Now we need to figure how to handle a conflict with libinotify-kqueue. The problem can be observed with taking the main branch of Ports and running

poudriere testport -ci devel/libinotify
<wait for the build to finish>
cc /usr/share/examples/inotify/inotify.c -lxo -I/usr/local/include

The resulting program fails with EINVAL when calling __specialfd(), because it takes the sys/inotify.h header from the libinotify-kqueue package.

I think, we should do the following in the port:

.if exists(/usr/include/sys/inotify.h)
# avoid installing /usr/local/include/sys/inotify.h

@wulf does this make sense to you?

Current ABI is not compatible. libinotify events have different values compared with system provided ones.
You must use libinotify header to link with libinotify or change system one to be ABI-compatible.

Ugh, I guess you're right. So we need to make sure that no libinotify-kqueue is installed on a native intofy-enabled system.

This can be achieved with a new USES=inotify replacing the LIB_DEPENDS= line in each consumer port, which is quite a work. I'll think a bit more to try to come up with something else.

As I see, libinotify event values were just copied from Linux, so it may have sense to change system ones to make linuxolator support simpler

As I see, libinotify event values were just copied from Linux, so it may have sense to change system ones to make linuxolator support simpler

This is fine for most of the flags, I will change it. libinotify has this weird thing:

37 /* Flags for the parameter of inotify_init1. */                                                                                                                                                                                                                                                                           
38 #define IN_CLOEXEC      02000000        /* Linux x86 O_CLOEXEC */                                                                                                                                                                                                                                                         
39 #define IN_NONBLOCK     00004000        /* Linux x86 O_NONBLOCK */

Some applications will call inotify_init1(O_CLOEXEC) instead of specifying IN_CLOEXEC. In my inotify.h I just defined those flags to be equal, but to preserve compatibility with libinotify we have to support both values.
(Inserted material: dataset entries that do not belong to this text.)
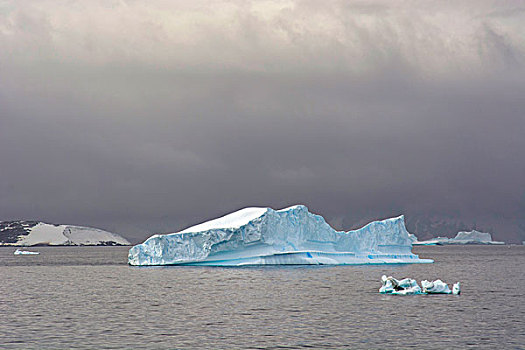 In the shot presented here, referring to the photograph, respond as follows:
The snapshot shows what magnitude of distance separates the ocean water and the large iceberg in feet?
28.3

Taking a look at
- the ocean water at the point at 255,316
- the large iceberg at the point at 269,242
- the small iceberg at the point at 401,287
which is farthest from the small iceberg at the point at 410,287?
the large iceberg at the point at 269,242

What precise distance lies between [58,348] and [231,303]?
1229 centimetres

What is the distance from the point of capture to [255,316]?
26109 mm

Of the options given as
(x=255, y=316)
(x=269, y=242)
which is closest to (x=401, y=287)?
(x=255, y=316)

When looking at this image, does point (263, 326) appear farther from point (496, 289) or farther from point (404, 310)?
point (496, 289)

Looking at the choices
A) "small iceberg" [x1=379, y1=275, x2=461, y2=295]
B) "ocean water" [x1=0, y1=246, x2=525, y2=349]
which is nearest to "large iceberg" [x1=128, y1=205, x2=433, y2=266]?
"ocean water" [x1=0, y1=246, x2=525, y2=349]

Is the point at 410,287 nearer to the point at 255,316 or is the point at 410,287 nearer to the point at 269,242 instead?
the point at 255,316

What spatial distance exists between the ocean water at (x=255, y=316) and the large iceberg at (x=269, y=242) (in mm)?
8641

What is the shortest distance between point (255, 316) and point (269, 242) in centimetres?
2519

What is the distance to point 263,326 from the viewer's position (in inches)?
923

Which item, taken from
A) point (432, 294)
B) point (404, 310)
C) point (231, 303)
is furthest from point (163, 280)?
point (404, 310)

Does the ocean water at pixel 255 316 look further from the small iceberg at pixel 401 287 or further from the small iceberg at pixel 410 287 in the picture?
the small iceberg at pixel 401 287

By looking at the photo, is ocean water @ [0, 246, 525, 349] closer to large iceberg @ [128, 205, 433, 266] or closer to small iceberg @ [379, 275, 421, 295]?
small iceberg @ [379, 275, 421, 295]

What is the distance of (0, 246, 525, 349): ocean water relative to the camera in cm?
2031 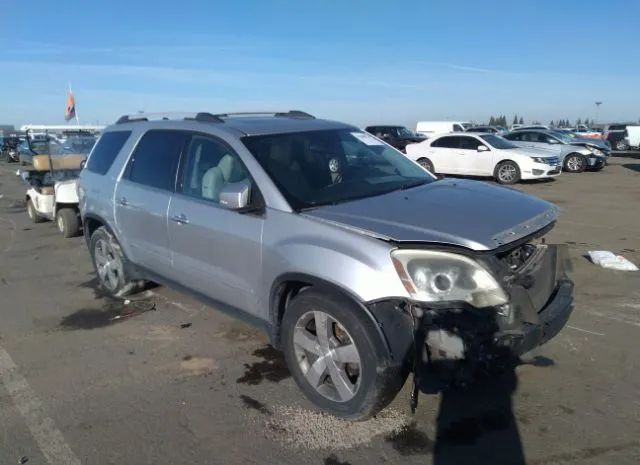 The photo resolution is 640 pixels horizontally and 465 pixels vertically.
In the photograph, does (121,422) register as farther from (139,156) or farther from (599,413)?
(599,413)

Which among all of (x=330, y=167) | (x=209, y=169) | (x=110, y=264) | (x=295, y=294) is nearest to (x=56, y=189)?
(x=110, y=264)

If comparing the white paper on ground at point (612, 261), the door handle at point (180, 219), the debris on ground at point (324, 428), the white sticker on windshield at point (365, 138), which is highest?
the white sticker on windshield at point (365, 138)

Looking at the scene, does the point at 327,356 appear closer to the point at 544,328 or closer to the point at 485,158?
the point at 544,328

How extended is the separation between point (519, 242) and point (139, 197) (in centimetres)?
327

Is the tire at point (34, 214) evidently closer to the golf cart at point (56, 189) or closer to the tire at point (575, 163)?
the golf cart at point (56, 189)

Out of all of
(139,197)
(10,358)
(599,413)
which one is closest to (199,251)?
(139,197)

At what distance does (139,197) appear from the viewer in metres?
4.73

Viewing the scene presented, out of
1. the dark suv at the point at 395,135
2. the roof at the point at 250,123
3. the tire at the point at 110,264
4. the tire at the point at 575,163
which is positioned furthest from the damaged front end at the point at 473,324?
the dark suv at the point at 395,135

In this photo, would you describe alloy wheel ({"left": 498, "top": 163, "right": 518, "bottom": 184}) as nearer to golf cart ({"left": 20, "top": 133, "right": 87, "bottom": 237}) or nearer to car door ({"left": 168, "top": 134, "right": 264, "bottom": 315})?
golf cart ({"left": 20, "top": 133, "right": 87, "bottom": 237})

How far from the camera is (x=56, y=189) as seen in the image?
354 inches

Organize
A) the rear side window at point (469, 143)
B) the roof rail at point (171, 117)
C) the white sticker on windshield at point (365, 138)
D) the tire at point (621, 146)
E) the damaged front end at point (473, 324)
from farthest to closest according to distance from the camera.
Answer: the tire at point (621, 146)
the rear side window at point (469, 143)
the white sticker on windshield at point (365, 138)
the roof rail at point (171, 117)
the damaged front end at point (473, 324)

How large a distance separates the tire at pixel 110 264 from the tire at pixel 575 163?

I guess this is best handled in libc.

There is also this:

40 /* libinotify-specific - Direct mode operation. See below. */                                                                                                                                                                                                                                                             
41 #define IN_DIRECT       0x80000000

Does anything use it?

One note: upon exiting the poudriere jail I got the message freeing uidinfo: 65534, inotifywatchcnt = 1. Not sure if this is normal or not.

This is a bug, I believe the next update will fix it.

There is also this:

40 /* libinotify-specific - Direct mode operation. See below. */                                                                                                                                                                                                                                                             
41 #define IN_DIRECT       0x80000000

Does anything use it?

It is a libinotify-kqueue-specific thing I invented and is described in the commit message: https://github.com/libinotify-kqueue/libinotify-kqueue/commit/c3dff3863e386b7f0cdea98c44d92e2ee66e5a35
It does not make sense for a native inotify implementation, so our sys/inotify.h should not have it.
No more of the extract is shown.